4L Trophy 2015 – Carnet de Bord de l’Equipage n°16

Comme plus de 2400 étudiants, Arthur Madec et Kevin Lize (leur interview ici) participent à la 18ème édition du plus grand raid humanitaire d'Europe, le 4L Trophy. Un trio plutôt qu'un duo, cette expérience ne pouvant se vivre sans "Lola", leur 4L blanche et rouge. Chaque jour, nous publierons leurs notes pour faire état de l'aventure, leur aventure, entre petits plaisirs anodins et grosses frayeurs passagères.

 

Kevin Lize et Arthur Madec, aux côtés de Lola.
De gauche à droite : Kevin Lize, Lola, Arthur Madec. Crédit : Alexandre Sellem

Prologue :

Ça y est, nos trophistes ont quitté la France. Jeudi 19 février, aux alentours de 15 heures, Arthur Madec et Kevin Lize ont échangé le confort citadin contre la vie sur la route. Portant fièrement le numéro 16, ils ont franchi la ligne de départ à Biarritz aux côtés des 1200 équipages présents. Un rêve qui a failli se réduire en miettes moins de 48 heures avant : prologue de leur aventure 4L Trophy.
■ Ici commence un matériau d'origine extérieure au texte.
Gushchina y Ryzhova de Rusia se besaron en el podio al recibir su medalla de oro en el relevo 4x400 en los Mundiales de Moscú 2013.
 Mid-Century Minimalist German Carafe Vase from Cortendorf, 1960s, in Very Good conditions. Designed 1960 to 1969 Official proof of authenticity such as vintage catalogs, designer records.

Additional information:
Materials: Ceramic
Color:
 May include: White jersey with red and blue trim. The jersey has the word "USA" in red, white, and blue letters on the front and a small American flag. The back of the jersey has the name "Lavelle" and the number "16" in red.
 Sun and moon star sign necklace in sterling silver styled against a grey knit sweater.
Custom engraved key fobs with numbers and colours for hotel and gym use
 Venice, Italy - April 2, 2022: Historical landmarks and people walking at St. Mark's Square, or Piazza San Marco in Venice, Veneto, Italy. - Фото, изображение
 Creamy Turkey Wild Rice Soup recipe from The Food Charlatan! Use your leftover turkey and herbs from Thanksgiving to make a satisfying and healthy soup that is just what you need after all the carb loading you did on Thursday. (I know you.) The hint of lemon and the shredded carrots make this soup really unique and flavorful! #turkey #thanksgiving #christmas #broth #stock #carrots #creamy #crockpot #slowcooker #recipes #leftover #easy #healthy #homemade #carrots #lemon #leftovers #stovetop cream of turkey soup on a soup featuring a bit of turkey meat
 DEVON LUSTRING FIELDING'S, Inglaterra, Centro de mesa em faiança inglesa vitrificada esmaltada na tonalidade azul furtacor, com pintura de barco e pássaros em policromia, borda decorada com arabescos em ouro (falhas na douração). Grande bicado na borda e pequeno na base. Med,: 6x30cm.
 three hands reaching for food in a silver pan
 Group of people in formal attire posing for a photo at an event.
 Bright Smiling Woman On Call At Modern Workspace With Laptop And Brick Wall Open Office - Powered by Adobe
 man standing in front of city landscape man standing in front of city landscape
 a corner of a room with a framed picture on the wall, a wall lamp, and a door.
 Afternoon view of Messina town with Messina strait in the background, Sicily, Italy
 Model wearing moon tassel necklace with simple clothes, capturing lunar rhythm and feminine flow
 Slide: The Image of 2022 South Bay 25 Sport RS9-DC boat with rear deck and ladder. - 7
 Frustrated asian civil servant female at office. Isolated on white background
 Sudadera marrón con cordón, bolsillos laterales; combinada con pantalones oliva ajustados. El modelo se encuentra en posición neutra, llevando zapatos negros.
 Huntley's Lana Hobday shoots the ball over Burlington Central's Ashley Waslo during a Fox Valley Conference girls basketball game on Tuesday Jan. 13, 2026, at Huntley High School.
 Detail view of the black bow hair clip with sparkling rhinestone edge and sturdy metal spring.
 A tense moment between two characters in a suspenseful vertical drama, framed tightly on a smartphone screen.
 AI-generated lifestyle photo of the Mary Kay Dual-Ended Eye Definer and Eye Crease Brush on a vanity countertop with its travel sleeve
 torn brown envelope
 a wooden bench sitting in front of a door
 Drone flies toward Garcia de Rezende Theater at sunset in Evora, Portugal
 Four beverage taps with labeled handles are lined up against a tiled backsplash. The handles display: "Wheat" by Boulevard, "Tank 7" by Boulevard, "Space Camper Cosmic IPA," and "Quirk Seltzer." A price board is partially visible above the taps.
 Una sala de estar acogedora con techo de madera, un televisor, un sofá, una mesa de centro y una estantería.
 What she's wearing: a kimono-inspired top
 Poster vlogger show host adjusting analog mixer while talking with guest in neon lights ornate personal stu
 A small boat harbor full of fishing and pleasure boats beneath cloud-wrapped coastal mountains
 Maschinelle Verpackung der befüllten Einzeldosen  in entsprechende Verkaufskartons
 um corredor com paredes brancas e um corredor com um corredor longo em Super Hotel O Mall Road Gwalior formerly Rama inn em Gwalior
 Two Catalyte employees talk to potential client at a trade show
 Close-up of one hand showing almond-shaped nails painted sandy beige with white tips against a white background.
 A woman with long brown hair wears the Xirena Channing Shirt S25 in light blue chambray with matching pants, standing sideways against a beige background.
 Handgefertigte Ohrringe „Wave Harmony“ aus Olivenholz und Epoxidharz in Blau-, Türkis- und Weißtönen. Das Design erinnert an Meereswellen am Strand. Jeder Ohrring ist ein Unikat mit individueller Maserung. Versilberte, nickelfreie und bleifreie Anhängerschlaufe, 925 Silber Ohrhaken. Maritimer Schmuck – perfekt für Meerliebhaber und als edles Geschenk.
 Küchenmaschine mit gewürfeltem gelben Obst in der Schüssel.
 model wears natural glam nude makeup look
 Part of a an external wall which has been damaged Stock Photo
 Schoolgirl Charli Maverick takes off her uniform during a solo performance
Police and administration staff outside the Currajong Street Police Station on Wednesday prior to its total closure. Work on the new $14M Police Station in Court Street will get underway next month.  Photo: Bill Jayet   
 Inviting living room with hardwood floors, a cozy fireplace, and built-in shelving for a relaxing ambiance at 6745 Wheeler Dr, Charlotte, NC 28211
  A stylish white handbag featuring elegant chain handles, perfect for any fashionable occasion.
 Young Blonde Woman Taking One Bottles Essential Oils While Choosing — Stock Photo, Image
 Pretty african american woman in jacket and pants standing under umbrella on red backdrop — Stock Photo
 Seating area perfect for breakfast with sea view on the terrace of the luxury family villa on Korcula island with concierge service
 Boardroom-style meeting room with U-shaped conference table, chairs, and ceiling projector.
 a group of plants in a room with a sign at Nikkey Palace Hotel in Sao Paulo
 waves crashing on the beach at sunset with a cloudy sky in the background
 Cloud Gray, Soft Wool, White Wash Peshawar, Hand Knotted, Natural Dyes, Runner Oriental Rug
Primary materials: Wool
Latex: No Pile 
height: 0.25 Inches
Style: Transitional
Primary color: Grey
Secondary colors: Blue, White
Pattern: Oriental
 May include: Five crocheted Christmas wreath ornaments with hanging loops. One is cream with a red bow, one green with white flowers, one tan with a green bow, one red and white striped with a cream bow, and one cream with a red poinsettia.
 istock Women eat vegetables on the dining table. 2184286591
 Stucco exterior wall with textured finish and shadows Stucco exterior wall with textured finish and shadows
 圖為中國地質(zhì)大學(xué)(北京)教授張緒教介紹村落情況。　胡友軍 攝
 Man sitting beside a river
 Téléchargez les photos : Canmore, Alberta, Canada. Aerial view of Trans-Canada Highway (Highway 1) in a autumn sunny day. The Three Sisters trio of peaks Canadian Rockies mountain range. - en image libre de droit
Mardi 17 février, un départ de Nantes par autoroute était convenu entre plusieurs trophistes de la région sur les coups de 14 h 20. Changement de programme pour les Nantais : « par souci économique, on a finalement décidé d’emprunter les nationales ». Même si la voiture roule bien, ils constatent une fuite à leur premier plein ; juste une durite débranchée. Arthur et Kevin ne se laissent pas démoraliser pour si peu, le problème est résolu en 5 minutes, et c’est reparti ! Quelques kilomètres plus tard, un bruit suspect se fait entendre à l’avant-droit de « Lola ». « C’est à ce moment-là qu’on a regretté notre choix de rouler seuls ». Le salut ne viendra que bien plus tard, « après 4h en solitaire avec des montées de stress, une voiture nous double à fond : un autre équipage, enfin ! ». Les compagnons d’infortune se suivent jusqu’à Bordeaux, arrivés vers 19 h 20, pour y trouver pizza, bière, et lit bien confortable.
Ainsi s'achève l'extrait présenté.